Additionally, changes to read positions for a locus impact (2b) the genomic window HaplotypeCaller considers for graph assembly and realignment, because the entropy distribution changes, and (2c) the reads the window includes. For Ilustration A's locus, indel realignment tightens the active region size from 208 to 152 basepairs and also adds four additional reads for consideration. Such occurences alter site annotation values and can influence downstream variant calling.
For our data snippet (again, high quality 30X coverage PCR-free 2x150 WGS), the effects of removing indel realignment are subtle. However, for data that deviate towards lower quality and for data that benefit greatly from BQSR, the effects could be more substantial. Given this, we ask researchers who are considering our new workflows to take into account properties of their data and consider the impact omitting indel realignment may have for their analyses. A first step towards this could be to examine the MAPQ distribution of the primary alignments.

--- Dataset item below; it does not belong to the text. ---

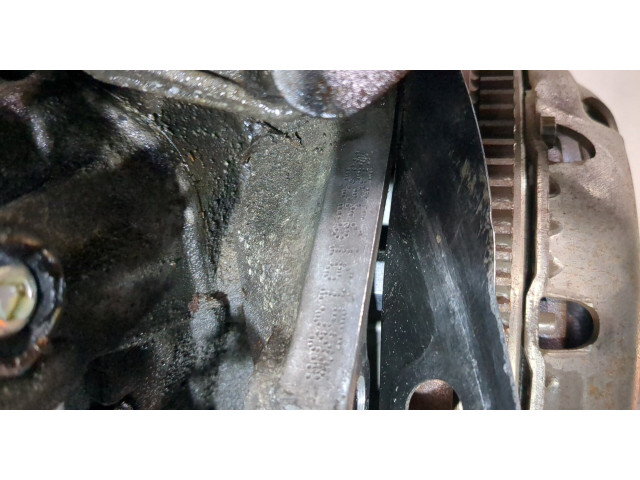 Клапанная крышка двигателя ДВС  Audi A3 (8P) 2004-2008 1.6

Let's wrap up with some wider picture considerations.
I've covered some ground on the influences of removing indel realignment from a workflow. One side note is that called sites from different variant callers can have different allele variants. For example, IndelRealigner and HaplotypeCaller can differ in how they resolve the variation around a given locus. This raises the question to what extent differential representation, based on different underlying algorithmic solutions, contribute to the discordant calls observed between different workflows. If the extent is great, then, given the potential for differential phenotypic classification, the clinical impact can be significant. A recent article describes how the burgeoning movement to use sequencing in patient diagnostics and disease research is hampered by discordant classifications. By the same reasoning, then the ability to physically phase proximal variants, that determines their cis or trans relationship, has direct impact on phenotypic classification. For example, resolving phasing using tools such as ReadBackedPhasing can tell us whether a variant that shifts the coding frame is expressed on the same molecule as another variant that restores the coding frame.
You should care about resolving indels as best you can even if your analyses focus only on SNPs. Correctly resolving indels reduces the false positive mismatches from alignment that accrue in the vicinity of indels. Also, we care about resolving larger indels for the biological insights they will bring. One example of the biological significance of indels lies in the transposable elements that litter our genomes that in transposing create insertion and deletion events. These elements are currently considered structural given their large size. They are a part of our individual variation and have been proposed to drive speciation and evolution and are implicated in disease including cancer (see endogenous retrovirus). The RepeatMasker web resource catalogues our repetitive elements, to which transposable elements belong, that together comprise over half our human genome.
Finally, technological capabilities are changing the definition of an indel. Back yonder, detection of indels was limited to small indels of a couple to fewer than ten basepairs. GATK workflows assigned resolving anything larger to the realm of structural variant detection. Today, lengthening sequencing reads together with improving global and local alignment algorithms are revealing indels reaching tens to low hundreds of basepairs in our workflows.
Both IndelRealigner and HaplotypeCaller allow for better indel detection over UnifiedGenotyper alone.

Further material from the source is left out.